SLM Chapter 5 Decision Trees

Idea

Each node is a decision maker. It splits a set of data into several sub-sets according to some criterion, and passes each sub-group to its corresponding child node. A class label is given to each leaf node, where no further decisions are made. When predicting the label of a new sample, we let the sample travel from the root node to a leaf node, following the decision rules along its way. When it reaches a leaf node, we assign the label of the leaf node to this sample.
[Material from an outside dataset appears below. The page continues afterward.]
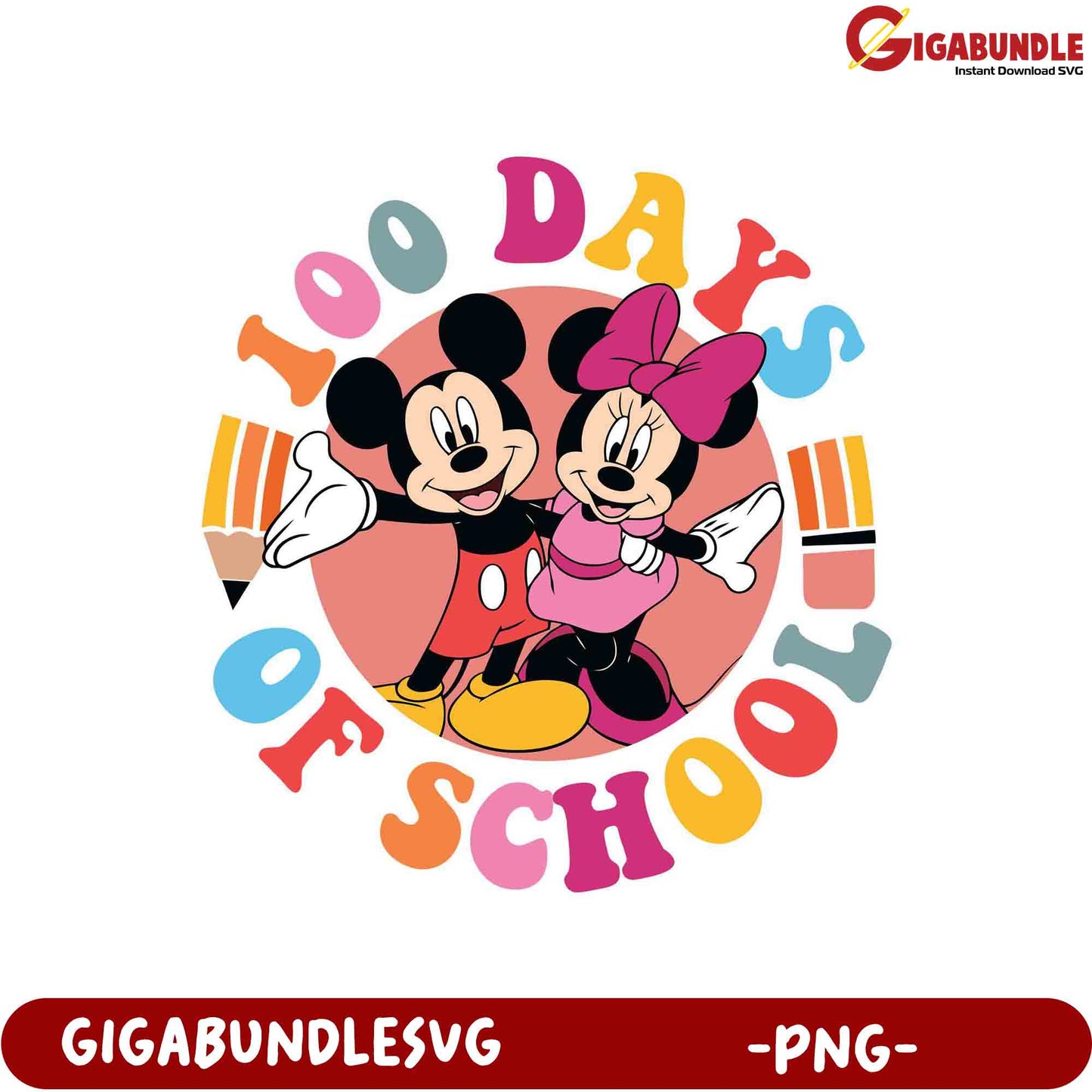 100 Days of School PNG Art Featuring Mickey & Minnie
The idea is demonstrated by the following pseudo code:

  
def buildNode(dataset: List[Sample]):

    # We first comeup with a criterion with the dataset
    criterion = get_criterion(dataset) # Criterion: Sample -> Int
    
        
    # If we find out that we don't need to further split the dataset,
    # we may stop here and return a leaf node.
    stop, label = should_stop(dataset, criterion)
    if stop:
        return Node(None, label=label)
    
    
    # Then we create one subset for each criterion
    subsets = [[] for _ in range(criterion.k_children)]
    for sample in dataset:
        kth = criterion(sample)
        subsets[kth].append(sample)
    
    # Recursively build child nodes
	children = [build_node(subsets[i]) for i in range(k_children)]
    
    # Call the constructor to create current node
    node = Node(children, criterion)
    
    return node

Intuitions

A decision tree can be seen as a series of if-then statements.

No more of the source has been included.